__What is expected__: Leave the pictures out and quote only the lines from the one with "Top View of Fathers Day Daughter Love Cake Top" down to the end of the listing below.

__Supplied data__:
----------
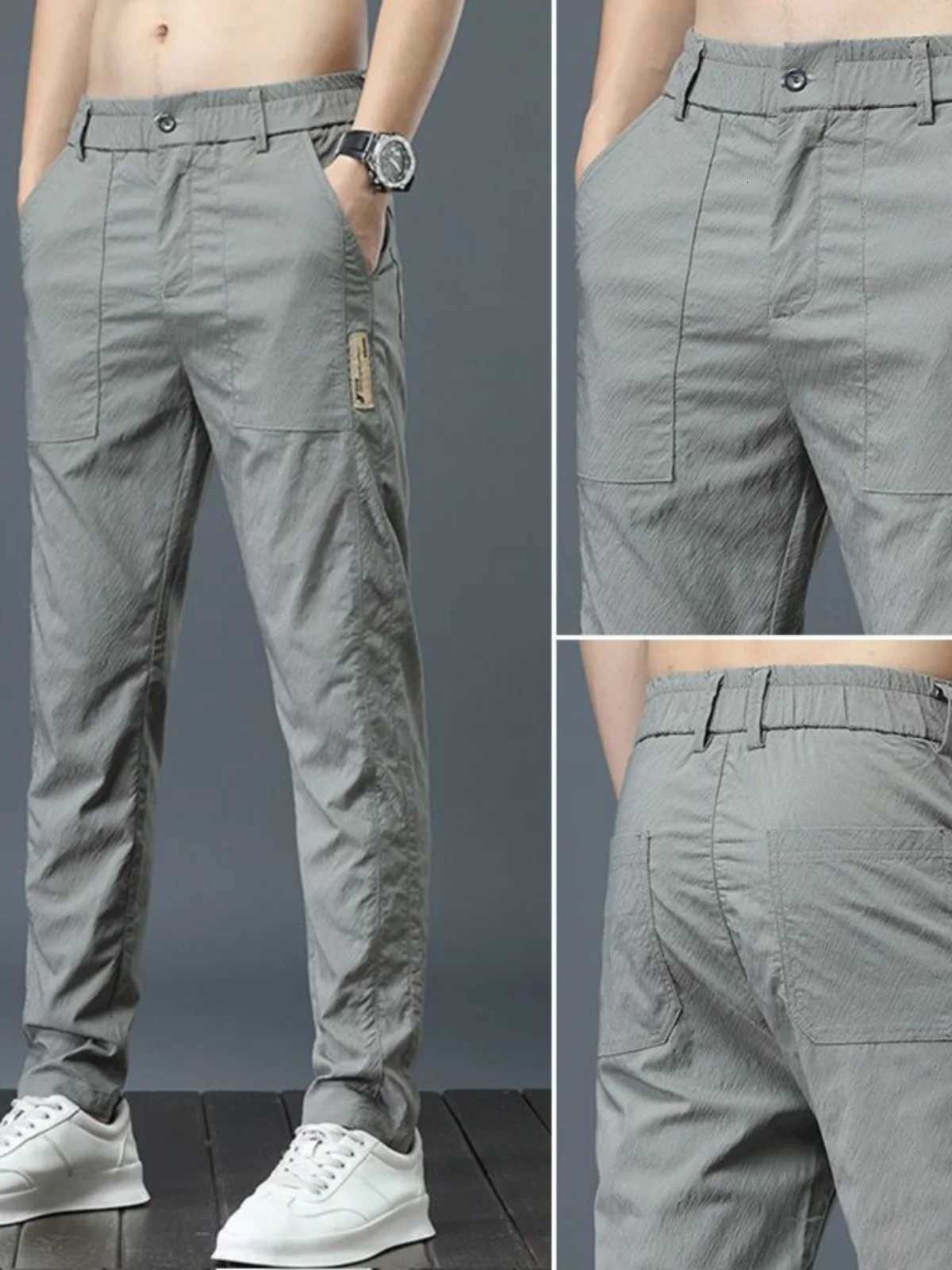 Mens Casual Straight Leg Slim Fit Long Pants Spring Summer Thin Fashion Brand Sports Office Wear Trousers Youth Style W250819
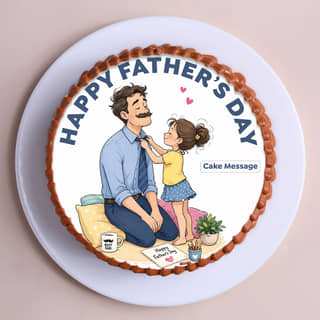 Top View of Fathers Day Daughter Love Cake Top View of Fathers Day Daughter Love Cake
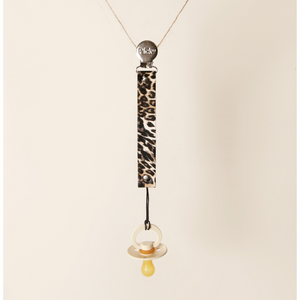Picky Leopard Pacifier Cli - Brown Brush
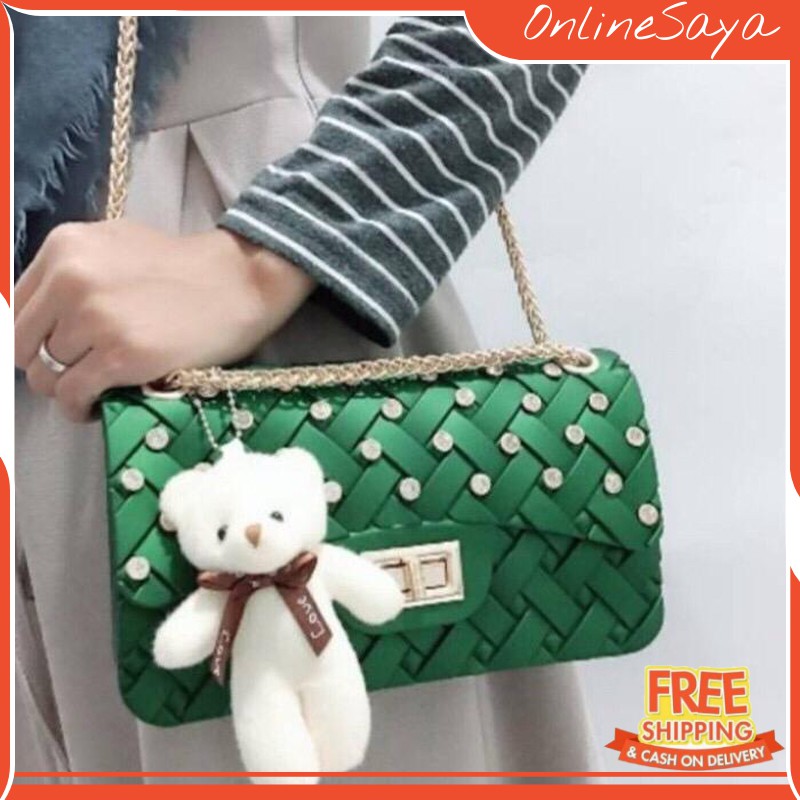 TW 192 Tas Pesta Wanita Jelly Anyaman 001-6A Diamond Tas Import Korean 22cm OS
----------
__Final answer__:
 Top View of Fathers Day Daughter Love Cake Top View of Fathers Day Daughter Love Cake
Picky Leopard Pacifier Cli - Brown Brush
 TW 192 Tas Pesta Wanita Jelly Anyaman 001-6A Diamond Tas Import Korean 22cm OS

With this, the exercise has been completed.